Those that lived in the dark woods and mountains to the north of the Danube had long remained on the edge of autonomy. The Romans had defeated the ancient Dacians of today’s Romania in 106 AD, but the new Roman province of Dacia only incorporated part of these lands. As Germanic tribes swept into this region in the 3rd century, the Romans pulled out. Local rule persisted for centuries, with semi-regular foreign incursions, until the Danubian Principalities, Moldavia to the north and Wallachia to the south, became independent in the mid-14th century.

Italian Map of Wallachia and Moldavia by G. Pittori, 1782.jpg
Italian Map of Wallachia (South) and Moldavia (North) from 1782

It was in the 15th century, however, that these two principalities began their unique relationship with the Ottoman Empire that defined the two principalities for nearly four centuries and left its mark on the region, culture, and people.

Vlad III Dracula, the Impaler
Vlad III Dracula, known as “the Impaler,” Voivode of Wallachia

As the Ottoman Empire defeated all of the various states in the Balkans, its borders expanded northward. Soon Ottoman armies were at the Danube and Wallachia’s voivodes, or princes, were fighting for their lives. By the mid-15th century Wallachia was paying tribute to the Ottoman sultan and Wallachian royal children, including the future Vlad the Impaler (r. 1448, 1456-1462, 1476), were sent to the Ottoman court as hostages.

But it wasn’t just Ottoman domination of Wallachia from hereon out. Wallachian voivodes often rebelled. For example, Vlad received his nickname from having had his enemies, including Ottomans, impaled on stakes. It was often a fine line between bowing to the sultan and fighting against him.

In 1476 and 1538, Wallachia and Moldavia respectively became Ottoman vassals. They were theoretically autonomous in all but their foreign policy. Along with the Crimean Khanate, they were the only regions to maintain a degree of autonomy throughout the Ottoman period. In comparison, all of the other Balkan states had been annexed directly by the Ottomans. But this loose form of administration did not preclude rebellions. Perhaps the greatest was under Michael the Brave (r. 1593-1601), who united Wallachia, Transylvania, and Moldavia and posed a real challenge to Ottoman authority. But when he was assassinated in 1601, the Danubian principalities were right back where they started.

Constantine Mourouzis, Voivode of Moldavia 1777-82
Constantine Mourouzis, One of the Phanariote Voivodes of Moldavia (r. 1777-1782)
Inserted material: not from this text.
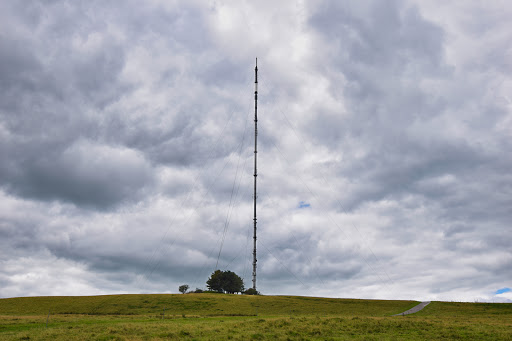 Mendip Transmitting Station (Glove Panini)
In the 17th century, large numbers of Greeks and Levantines moved to Wallachia and Moldavia, developing a strong presence there that would be especially important later. Meanwhile the periodic rebellions against Ottoman authority continued: in coordination with Transylvania in 1658-1659, with Austria around 1690, and Russia in 1710-1711. The Ottomans had enough and in 1711 and 1714 respectively, they did away with the local election of the voivode and instead installed Phanariotes, prominent Greeks from the Ottoman capital of Constantinople, as voivodes. This was an attempt to create ethnic and loyalty divisions in the Danubian principalities. The voivodes now depended on the Ottoman sultan for their power, not the local nobles. Uprisings did still flare up, but they were less frequent.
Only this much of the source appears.